Figure 5. The effect of C1orf64 on AR-mediated induction of PIP.

Figure 5

(A) qRT-PCR to demonstrate C1orf64 silencing efficiencies with siRNA-D1 (D1) and siRNA-D2 (D2) in T-47D and MFM-223 cell lines. C1orf64 expression is relative to non-targeting siRNA (CTL). *, p< 0.01 is for D1 or D2 vs. CTL. Error Bars: ± 2SEM. (B) qRT-PCR to show the effect of C1orf64 silencing using siRNA-D1 (D1) and siRNA-D2 (D2) on PIP expression in T-47D and MFM-223 cells. *, p< 0.01 is for D1 or D2 vs.
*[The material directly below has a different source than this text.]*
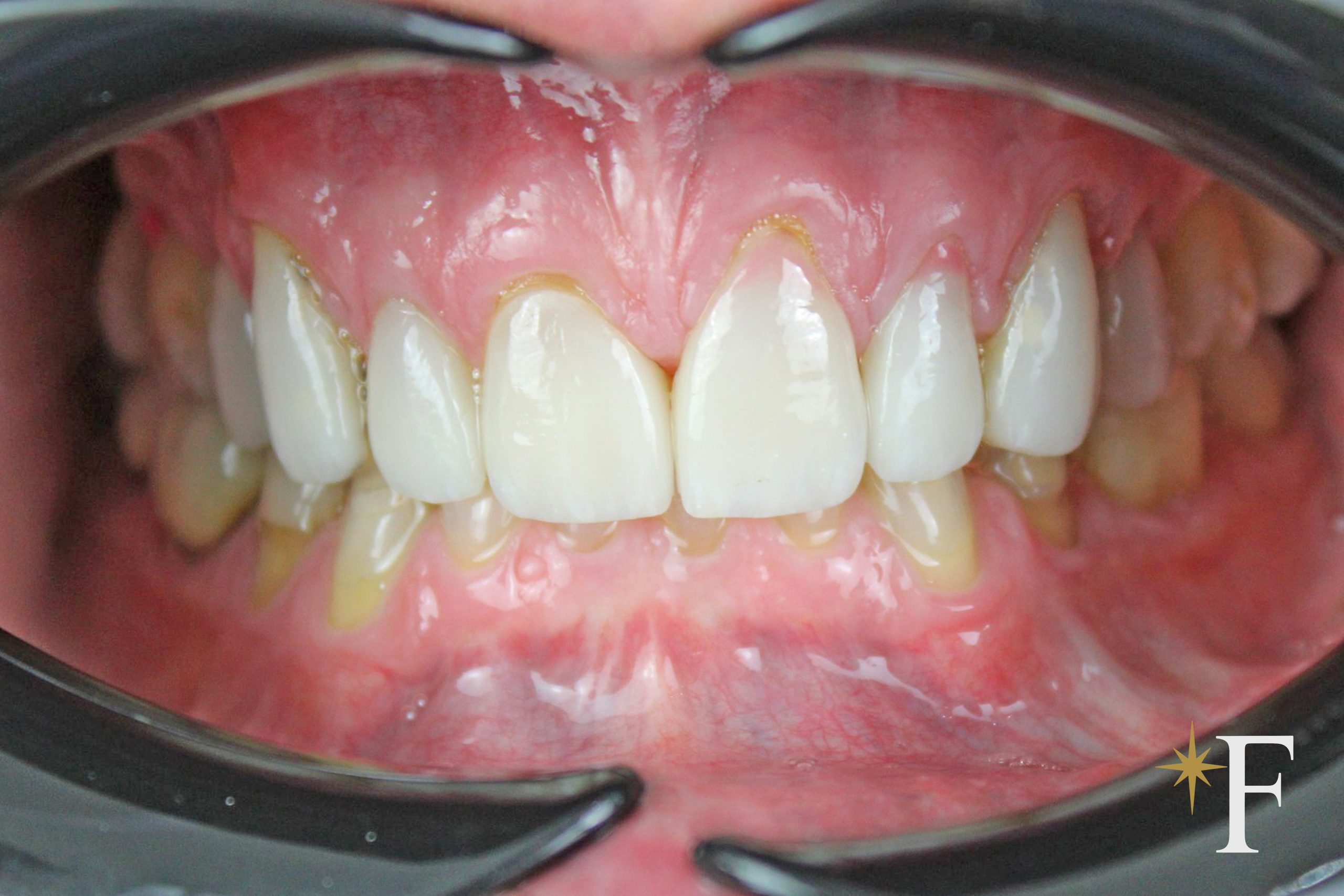 Eight failing veneers before replacement: flat opaque ceramic and a shadowed margin at the gum, Dr. Fabbro, Dubai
CTL. (C) qRT-PCR to assess the effect of C1orf64 silencing on the DHT-mediated induction of PIP expression in T-47D cells. CTL: CTL-siRNA + solvent control, CTL-DHT: CTL-siRNA + DHT, D1-DHT: siRNA-D1 + DHT, D2-DHT: siRNA-D2 + DHT. *, p< 0.01 is for CTL vs. CTL-DHT and **, p< 0.03 is for CTL-DHT vs. D1-DHT or D2-DHT. (D) qRT-PCR to examine the effect of C1orf64 silencing on the DHT-mediated induction of PIP expression in MFM-223 cells as outlined in (C). (E) immunoblotting to assess C1orf64 protein levels in T-47D and MFM-233 cell lines following C1orf64 overexpression. Fold change (RR) in each band density was measured relative to control in three replicate experiments. CT: control vector, OE: overexpression. (F) qRT-PCR to assess the effect of C1orf64 overexpression on PIP expression in T-47D and MFM-223 cells. CT-VEC: Control vector, C1orf64+: C1orf64 overexpression. *, p≤ 0.01 is for CT-VEC vs. C1orf64+.